Because of these two issues related to taxis, Uber was able to reach 700,000 users in Mexico in July 2015 alone — with approximately 60% of its users in the country’s capital (Silva, 2015) — and to offer individual and group services at lowered fares (with limitations), through services like uberX, uberXL, uberBLACK, and uberSUV.
Note that the service Uber provides is not significantly different from that of other companies dedicated to transporting people privately. There are a large number of companies that rent vehicles with a driver, without being subject to all the stigmatization that Uber has suffered. These companies employ private drivers, regardless of the way — by phone or through an app — in which their services are contracted.
TAXI SERVICES IN MEXICO
Public transportation is synonymous with collective passenger transport. Unlike private transportation, public transportation operates on schedules and, depending on the type, on established routes. In Mexico, as a general rule, taxis are a means of public transportation for one to no more than four passengers, and distinguished from other public transportation by their offer of door-to-door service, mainly in urban areas, with rates depending on the base established by area, time, jurisdiction, and the distance or time of the journey.
A taxi (service) is one that is provided in a car, in a specific locality and determined municipality, exclusively to a single economic legal interest and with a single destination — Article 118, Ignacio de la Llave State of Veracruz Traffic and Transportation Law.
The Mexican taxi service has been a constant debacle, largely because, in most cases, a taxi driver’s income is considered to be low. The reasons for this include the fact that the number of taxi drivers has grown in a way that has outstripped demand, and the fact that the rate imposed by the government does not represent the reality of the market.
What is more, many taxi drivers in Mexico do not own the cars they use but rather rent them. This reduces profit margins and makes competition more aggressive. There are also barriers to offering a quality service, like the cost of car maintenance — which, as a side note, most taxis lack, both mechanically and aesthetically — and the payment of such items as license plate fees, road taxes, verification, a special driver’s license, third party liability insurance and/or a taximeter (Medina, 2014). All of the above often force taxi drivers to use measures such as refusing to service certain areas of the city considered unprofitable or, in the event of servicing these areas, charging fares above the official tabulator reference.
A number of taxi drivers recognize the existence of these problems and some attend training courses, join government programs, or enter their data into radio taxi services or special applications for taxi drivers that allow them to control the supply and quality of their service. And although taxi drivers’ organizations also recognize these deficiencies, they claim that the major mobility problems in cities are not caused by inhabitants preferring to use private means to free themselves from public transport, but rather by poor road planning.

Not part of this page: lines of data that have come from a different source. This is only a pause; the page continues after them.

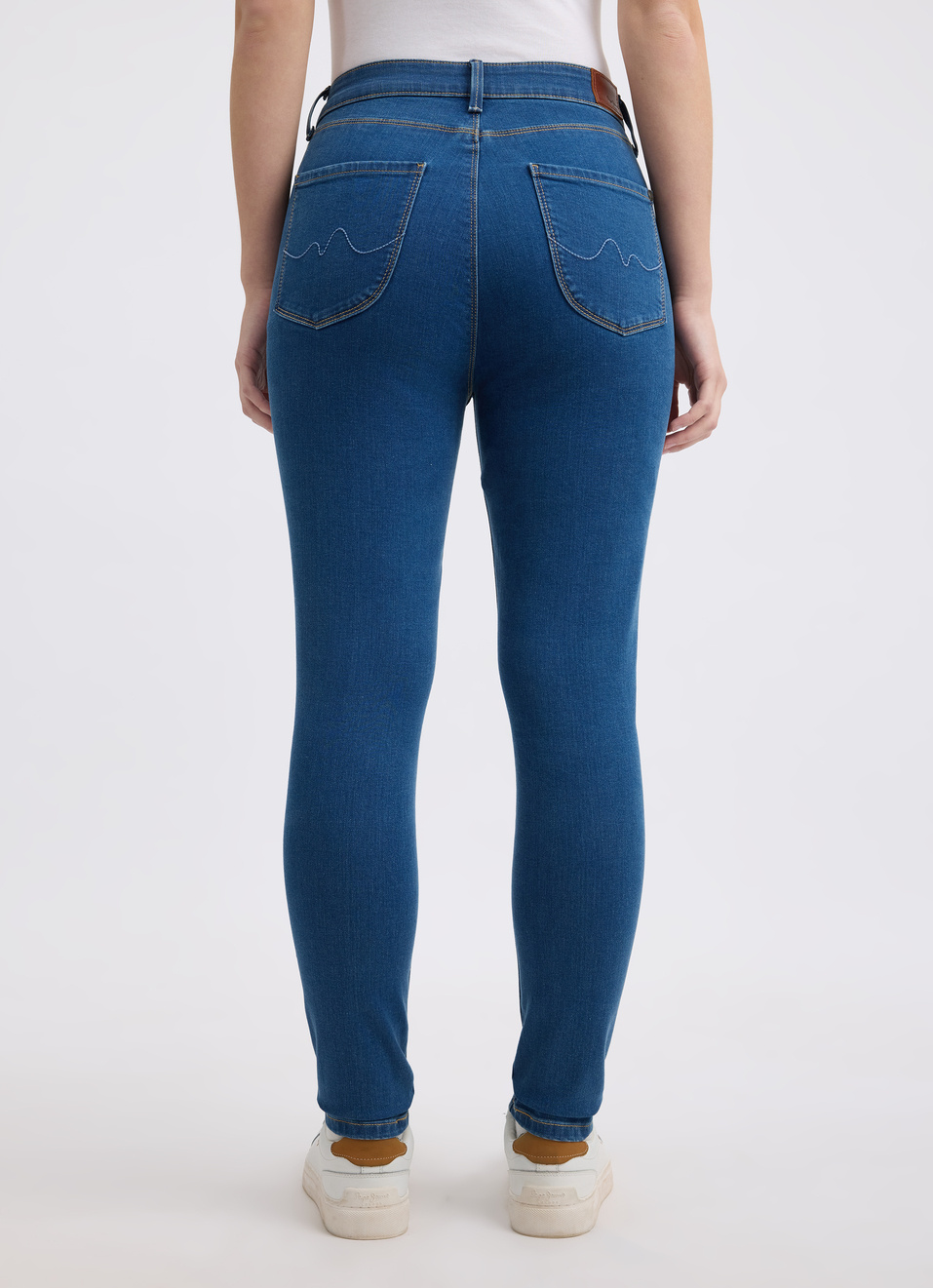 Women Blue Skinny Fit High Rise Jeans , , large image number 2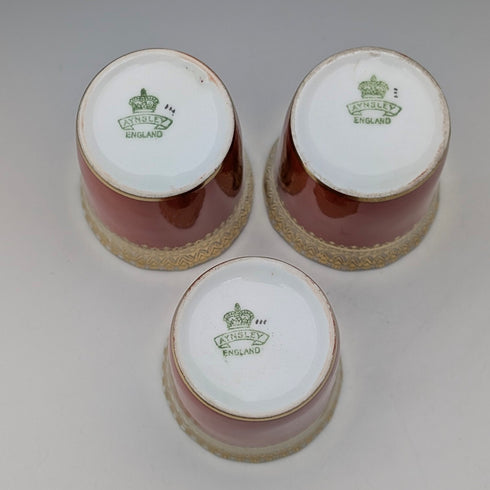 1929年 英国ヴィンテージ 純銀ホルダ ポーセリンカップ 3個セット Walker&Hall、AYNSLEY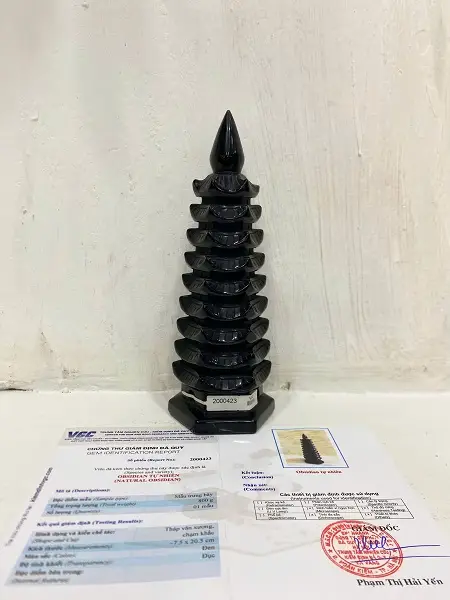 Tháp Văn Xương Đá Núi Lửa Obsidian Đen Tự Nhiên - 2000423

According to the Technical Taxi Studies Business Group (Grupo Emprendedor de Estudios Técnicos del Taxi), and in association with Elite, a Spanish group which many Mexican taxi drivers have joined, taxi drivers admit that the current era is characterized by new ways of production and social organization, both of which from the evolution of telecommunications and economic globalization. They claim, however, that applications of this very type tend to promote unfair competition and intrusion.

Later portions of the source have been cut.